冷戦期の1950年代、アメリカ陸軍で構想された歩兵師団の編制。
正式には「ROCID再編成型歩兵師団」という。
言葉の語源は「5つ」または「5番目」を意味する"Penta"と「原子力」を表す"Atomic"の合成である。

この当時、戦術核兵器の実用化によって陸上戦闘でも核兵器が使用されるケースが想定されるようになっていた。
その想定で研究が進められた結果、従来の歩兵師団の編制では戦闘中に核攻撃を受けると一発で壊滅する恐れがあることがわかり、それに見合った編制が求められることになった。

この編制では、従来の歩兵師団の編制のうち、隷下にある各歩兵連隊の
「連隊−大隊−中隊−小隊−分隊」
という基本編制を分解して
「連隊−中隊−小隊−分隊」
とし(大隊編成を廃止)、さらに連隊自身も5個連隊戦闘群に再編された。
各連隊戦闘群は5個小銃中隊及び1個戦闘支援中隊(迫撃砲装備)からなり、この戦闘群一つ一つに支援部隊(戦車隊や砲兵・工兵・航空隊・兵站など)を配分して自立的に行動できるようにし、広大な範囲に被害を与える核兵器に対する対応力を高めることを狙っていた。

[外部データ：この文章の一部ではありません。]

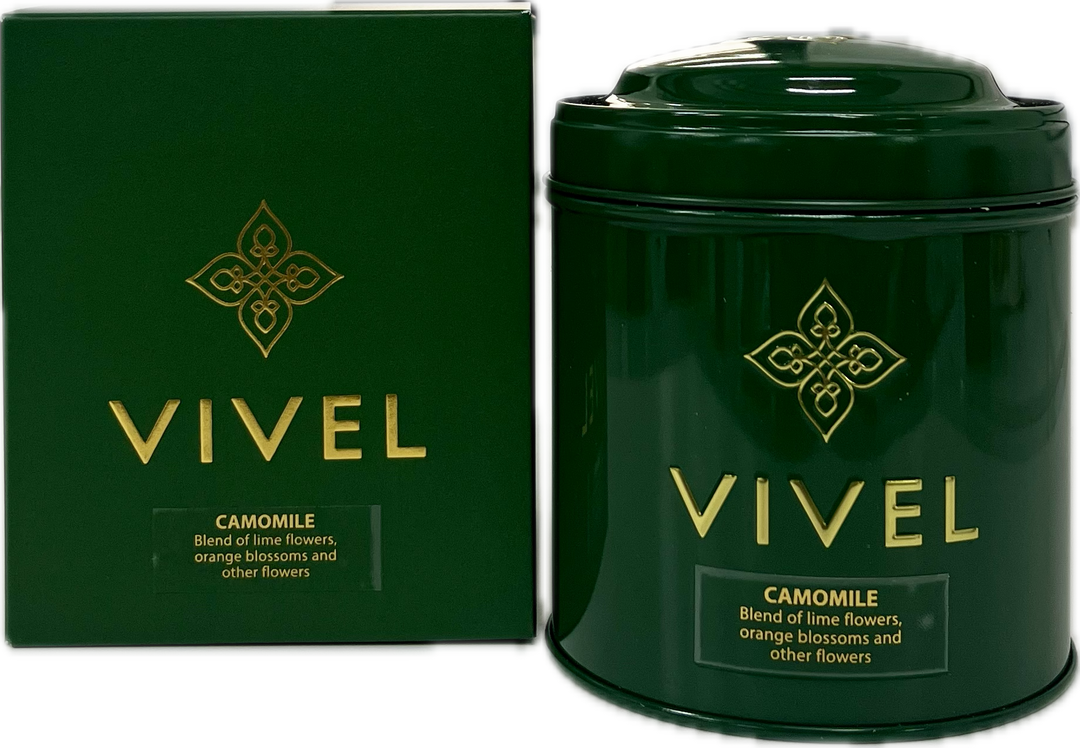 Vivel Camomile (Loose Tea 50g)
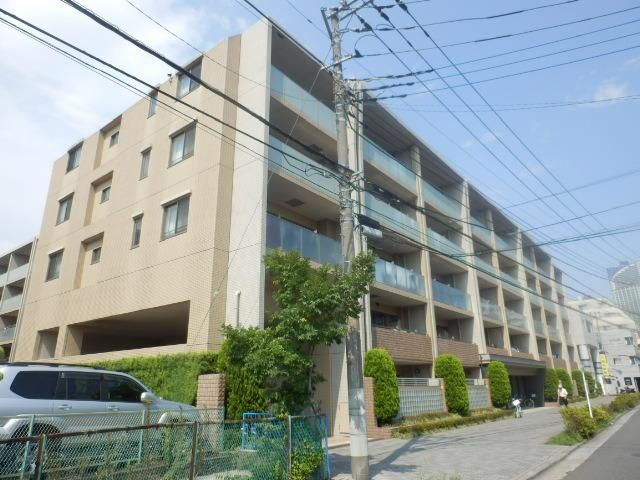 建物外観　★武蔵小杉まで徒歩１０分です★
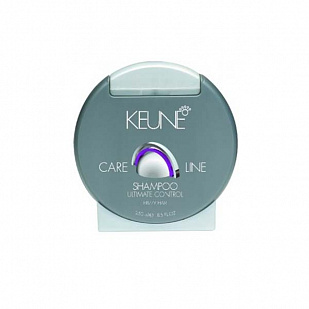 Keune Care Line Ultimate Control Shampoo - Шампунь для кудрявых волос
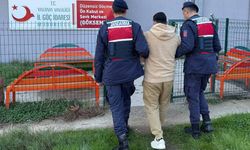 Yalova'da kırmızı bültenle aranan uyuşturucu taciri yakalandı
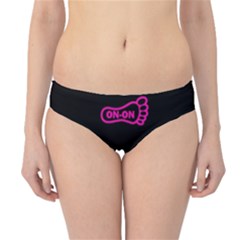 Tn  Skull Hipster Bottoms by TNatH3
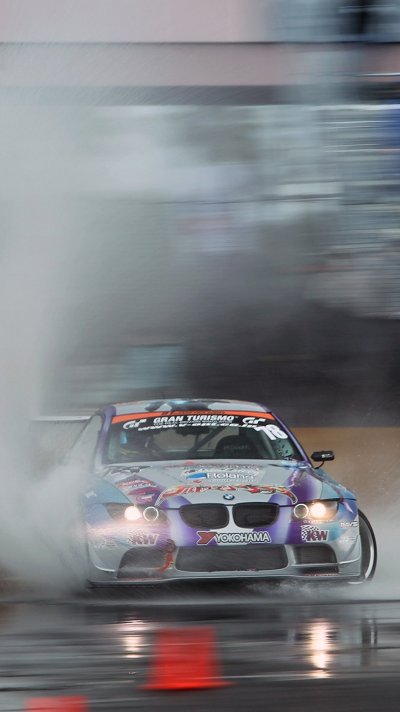 Дрифт машины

しかし、実際に運用をしてみると種々の問題点が指摘された。

  • 第二次世界大戦朝鮮戦争などで実戦を経験した幹部が少なくなっていたため、新編制での訓練への対応が問題となった。
  • 「大隊」の単位がなくなったため、連隊司令部が直接中隊を統制することになり、負担がさらに増大した。
  • 当初、「連隊」組織も解体されることが検討されていたため、将兵の士気に与える影響が無視できなかった。

…などなど。

このため、1960年には早くも編制の見直しが検討され、1963年には「ROAD(Reorganization of the Army Division)師団」という新たな編制が作られ、アメリカ軍からは姿を消すことになった。


米陸軍では早々と見捨てられたこの編制であるが、フランス陸軍やオーストラリア陸軍、日本の陸上自衛隊においてはこれをモデルとした師団編制が採用され、フランスや日本では現在でもこの編制をモデルとした師団編制を採用している。